Create the Lambda Function

Time Estimate: 5 - 10 minutes

In this section you will create the S3 Processor Lambda function

  1. Make sure you are in N. Virginia region. Look for the Lambda service in the AWS Management console and click on the highlighted result to access the service.

  2. Click Create function in the next screen.

  3. You should see the screen below. Select the 3.7 python runtime as shown below and configure the execution role to be the IAM role that you created in the previous step. Click Create function.

    Create Lambda
  4. Copy the code below.

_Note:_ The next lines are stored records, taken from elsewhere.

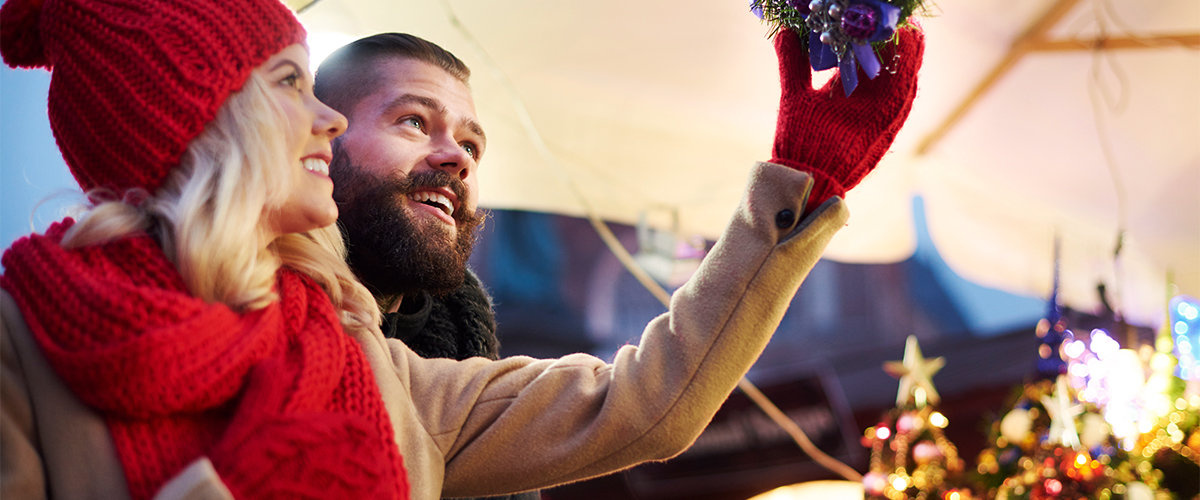 Couple putting up holiday decorations on patio
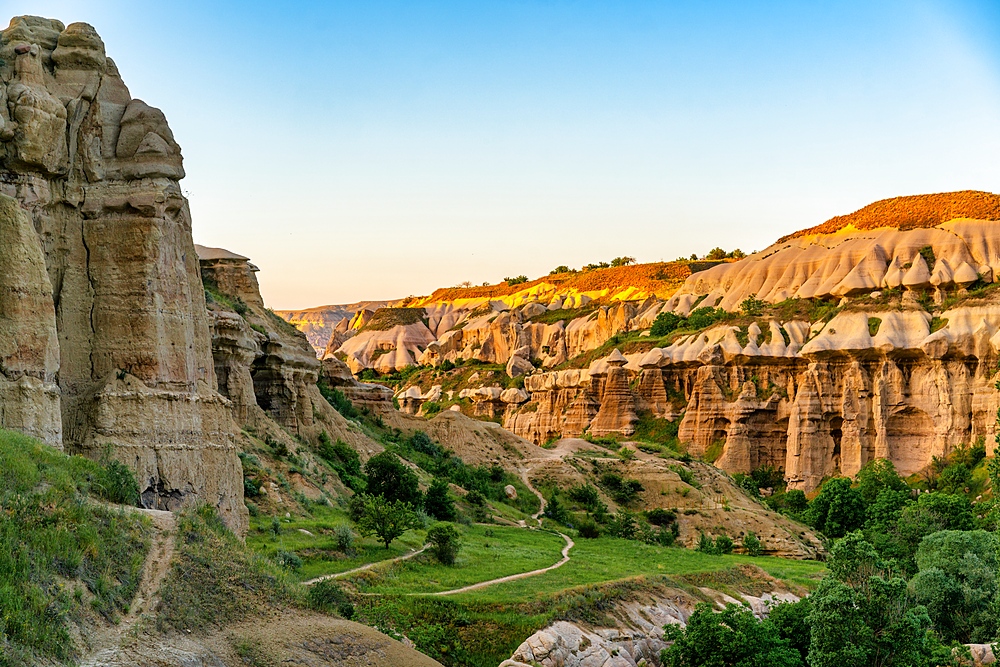 Pidgeon valley rock formations landscape in Cappadocia, Turkey at sunset
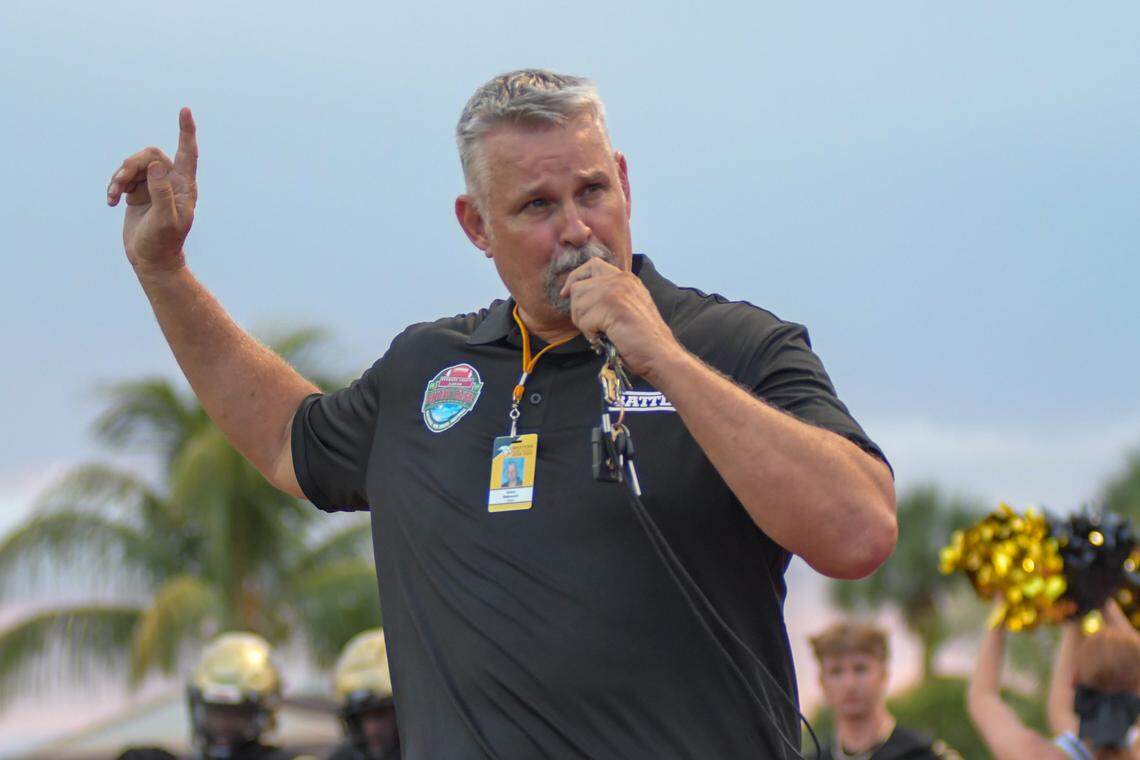 Western coach Adam Ratkevich leads the Wildcats to the field prior to their game against Johns Creek on Thursday, Aug. 25, 2022.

The code will update the DynamoDB Documents table as soon as a document is uploaded to our S3 bucket.

import json
import os
import uuid
import urllib
import datastore
from helper import FileHelper

def processRequest(request):

    output = ""

    print("request: {}".format(request))

    bucketName = request["bucketName"]
    objectName = request["objectName"]
    documentsTable = request["documentsTable"]
    outputTable = request["outputTable"]

    print("Input Object: {}/{}".format(bucketName, objectName))

    ext = FileHelper.getFileExtenstion(objectName.lower())
    print("Extension: {}".format(ext))

    if(ext and ext in ["jpg", "jpeg", "png", "pdf"]):
        documentId = str(uuid.uuid1())
        ds = datastore.DocumentStore(documentsTable, outputTable)
        ds.createDocument(documentId, bucketName, objectName)

        output = "Saved document {} for {}/{}".format(documentId, bucketName, objectName)

        print(output)

    return {
        'statusCode': 200,
        'body': json.dumps(output)
    }

def lambda_handler(event, context):

    print("event: {}".format(event))

    request = {}
    request["bucketName"] = event['Records'][0]['s3']['bucket']['name']
    request["objectName"] = urllib.parse.unquote_plus(event['Records'][0]['s3']['object']['key'])
    request["documentsTable"] = os.environ['DOCUMENTS_TABLE']
    request["outputTable"] = os.environ['OUTPUT_TABLE']

    return processRequest(request)
  1. Paste the code as shown below:

    Code Lambda
  2. We need to configure some enviroment variables in order for our Lambda fucntion to be able to identify the SQS queue endpoint and DynamoDB table. The enviroment variables we are going to configure are:

    SYNC_QUEUE_URL -> sqs queue url
    DOCUMENTS_TABLE -> Documents table name
    OUTPUT_TABLE -> Ouputs table name
    
  3. Configure those as shown below. Then click Save.

    Env Variables